The first couple weeks or so after Karras died, I went through this period of numbness. I thought I was a pretty darn strong person, but there was nothing that could affect me more than this. Nothing. She and I had a special bond. When things were really going bad, I could go and talk to her, and they weren’t as bad anymore. How do you go on living when someone you’ve poured your life into is gone so young? I was showing up for work, going through the motions. At night we had dinner and then I read and prayed until I fell asleep. On weekends I added a more significant amount of prayer time to the regimen. I did what I had to, then prayed and read. My initial thought was, ‘I want to learn as much as I can about where she is.’ So I started buying a bunch of books about Heaven, and they weren’t really that fulfilling. I moved past those pretty quickly, then started to get into some of the more classical works. To this day, C. S. Lewis is one of my absolute favorites. I consumed his writings, and then I read books on pain and suffering- all the while looking to the Bible for cross referencing. For almost a year and a half, during the most gut-wrenching sorrow and emotional pain of my life, I survived by reading all the best spiritual works I could. Outside of my employment, that was it. There were no other interests or efforts to any degree. I cannot tell you what the weather was during that time, how my favorite football team played, or what the general world events were. It was a season of spiritual education and dialogue in prayer. Slowly, the healing was coming. Through this mixture of education, prayer, and meditation, I was being taught and cared for, and it changed me and my way of looking at things.
When I was right in the height of all this, I noticed I looked at people differently. I thought the best of them and liked them immediately without reservation; gave them the benefit of the doubt, almost like a spiritual love without condition. In this grief, God was rewiring my heart. Maybe I was seeing others more like He did; that was what it felt like. But there’s no question I now move toward helping others when before I would’ve shied away. I believe this is one huge reason God allows pain and suffering: It is for our growth. There were many areas where I needed to learn submission to His will to develop into who I think He wants me to be. But the catalyst for considerable growth was a considerable discomfort. We’re on a journey for growth here, and we must experience pain to grow. The pain is an attention-getter; it causes us to recoil and reset our thinking. Through physical and emotional setbacks, we move closer to God- seeing, feeling, and wanting more of Him. Pain moves us toward Him, and extreme pain has us living with Him. At least it did me until I could walk again, until I could be somewhat whole. I came out of it better for the experience. It was part of His plan perfectly tailored for my growth.

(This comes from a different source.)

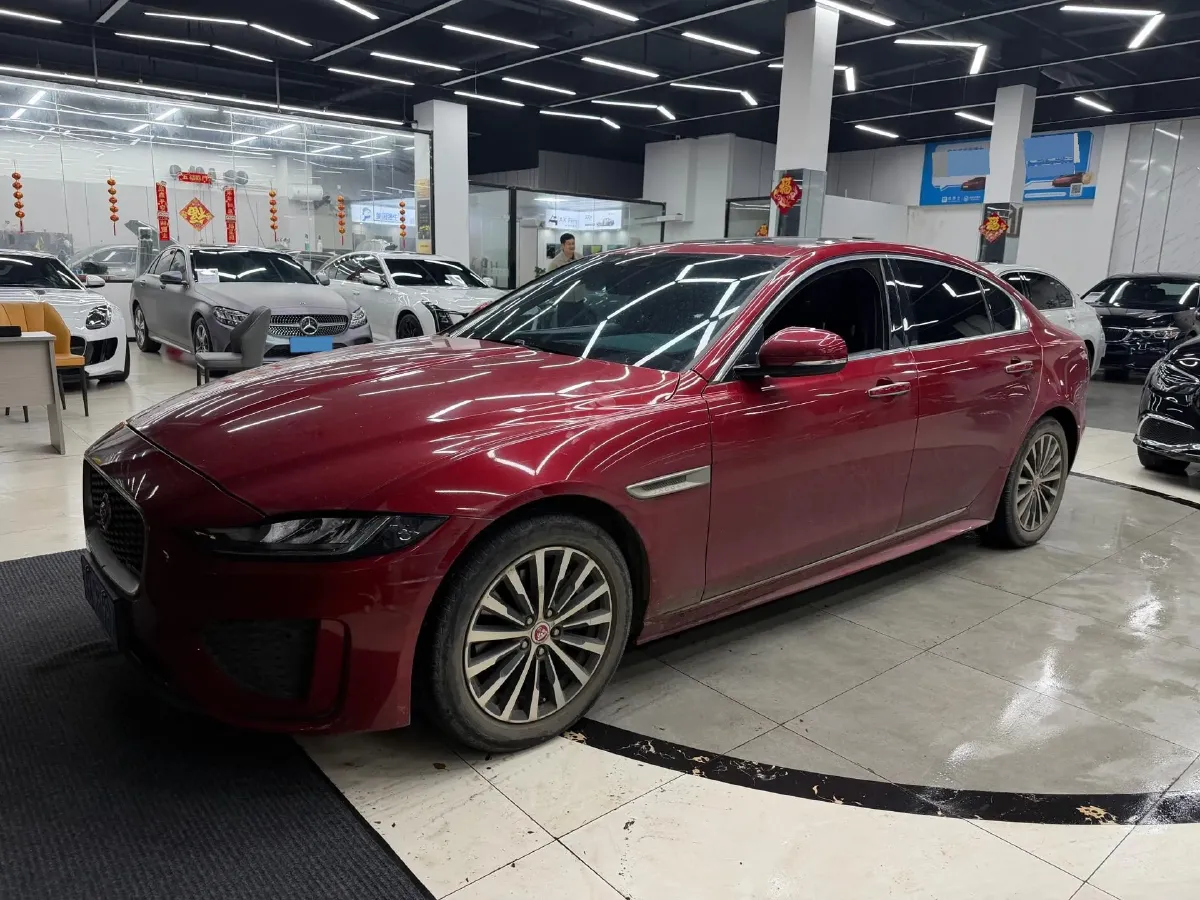 2020 Jaguar XEL 2.0T 200HP L4 8AT,autocango,china used car exporter,china ev exporter,chinese used car exporter,chinese used ev exporter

One takeaway from all this for me is: When a serious trial happens to you, I don’t think you question or fight it. I think you lean into Him and let the Spirit guide you. Listen intently to that small voice that nudges us. Respond to the nudges, keep reaching for Him. Let Him take you through the trials of the season and help you with His plan specifically designed for you. I know that may be hard to do, and I sure don’t totally understand it. But I know that when He allows the pain and suffering, it is with a greater knowledge in view of more wonderful joys to come than we could ever comprehend as we move closer to Him. Flowing out of that truth, another takeaway for me is to be careful with judgment of the Creator. This was a struggle for my own 74-year-old (at the time) father when Karras died. He asked me why God would allow this. I couldn’t articulate it very well, but my simple, unthoughtful immediate response was because God knew it was the right thing to do. After research, thoughtful examination, and listening to the whispers of the Holy Spirit, my response would now be, ‘He allows pain and suffering because He IS a kind and loving God.’ I am 100% sure of our Creator and His love for us. My life has been created for me by Him and it is perfectly suited for what I need (Romans 8:18). The harder acknowledgement is that my daughter’s life was perfect for her also. I am blessed beyond measure in that knowledge. Because of pain, I am a better soul.